Thursday, April 13, 2023

Tender Hearts and Cruel Administrators at Cornell

At Cornell, the Student Assembly passed a resolution calling for professors to issue trigger warnings, but the University President immediately rejected it as an infringement of academic freedom. (NY Times) It's just another round of an ongoing academic rumble but some things about it got me thinking.

It isn't that I have some kind of violent aversion to trigger warnings. I used to teach narratives of the massacres of Jews in the Rhineland around the time of the First Crusade, and I always warned my students that they were disturbing documents. Whenever Holocaust survivors have spoken on campuses where I was teaching I always encouraged students to attend, but I warned them that the experience might be brutal. But I have two issues with the Student Assembly resoution.

First, the resolution defined traumatic content as "anything that might be graphic, violent or tends to incite traumatic memories for individuals that have been affected." I suggest that a close synonym for that phrase might be "history." I don't see how you can teach history without constantly refering to things that are violent and might stir up traumatic memories. The example given to the Cornell Daily Sun was a photograph of police officer Derek Chauvin kneeling on George Floyd’s neck. Which, ok, is pretty graphic, but if I were teaching a course about politics and social media (which this was) I might do something like that just to make the point about the power of brutal images. But honestly I have taught topics a million times more horrible than the death of George Floyd: the Holocaust, the atomic bombings of Japan, the Atlantic slave trade, the brute facts of existence in worlds where most people were poor peasants beaten by their overlords and nothing ever changed.

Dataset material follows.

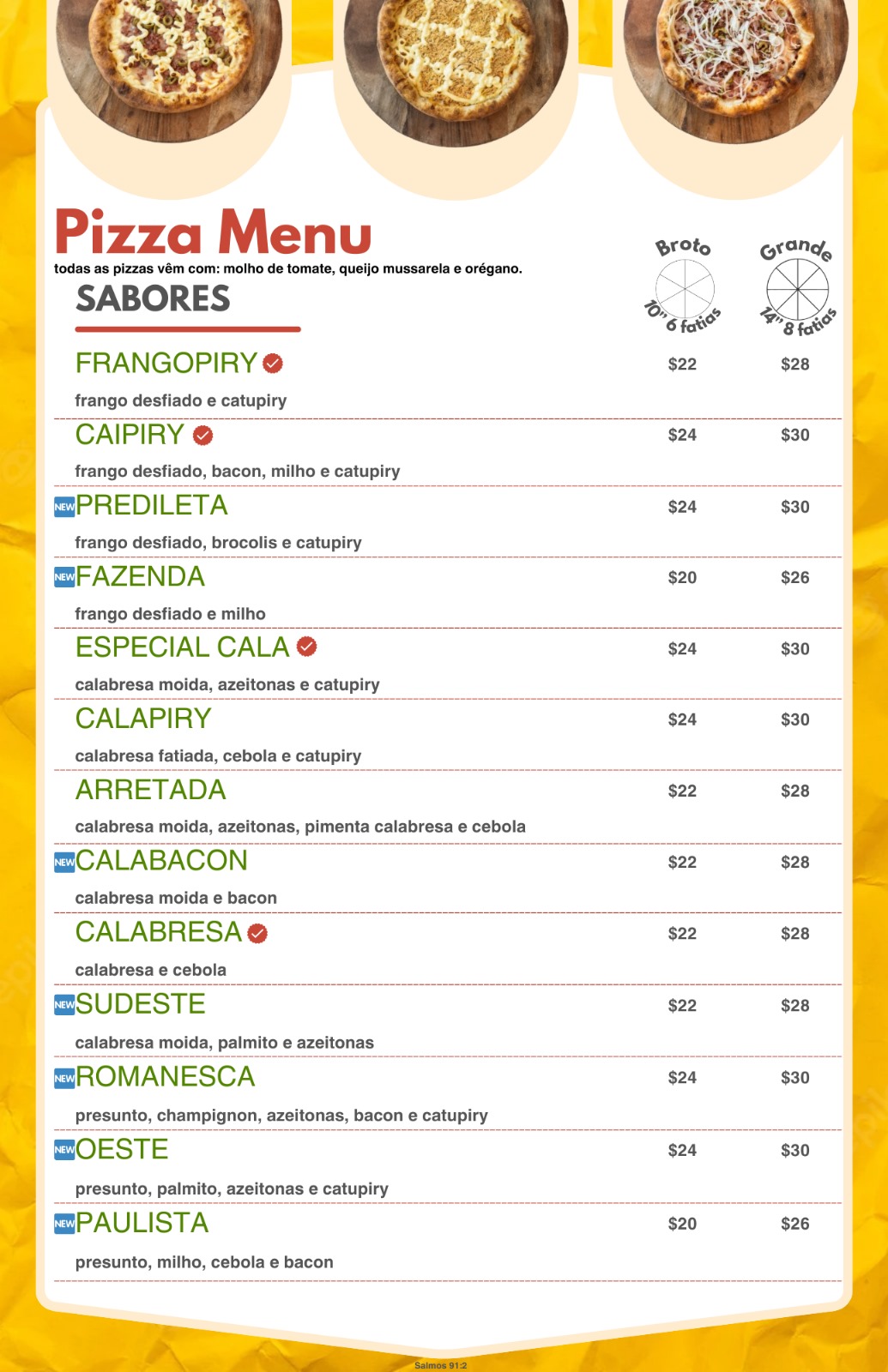 Menu de Pizzas Salgadas - Página 1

Second, the resolution "would make sure that students can opt out of exposure to such content without being penalized." Sorry, no. If I'm teaching 20th-century history, you can't opt out of trench warfare or the Holocaust or the atomic bombs or the My Lai massacre. If you can't face the horror, you just can't study history.

Sadly I have a sense that for many young people this is true. They don't see any redeeming qualities in the past that would make it worth their while to endure the undeniable horrors, so they are turning away from the past altogether. Wokeness is not really leading to a surge of interest in topics like slavery or colonialism; instead it mostly inspires people to cut loose from history altogether.

1 comment:

David said...

Yeah, I thought that idea that students could "opt out" of an assignment went way, way, WAY too far. Especially appalling was the idea that it would be okay to "opt out" if the student "made up" the assignment with other work--as though topics for learning were purely fungible, and the goal of the course were really time spent at labor, rather than things learned.

I agree teaching history would be impossible with a provision like this. And not just history--even many of the pre-professional courses that are eclipsing the humanities would be affected. How could you teach psychology? Social rehab? Could students in marketing opt out of doing presentations? Could those in economics avoid studying unemployment ("my dad lost his job, and he started drinking . . .")?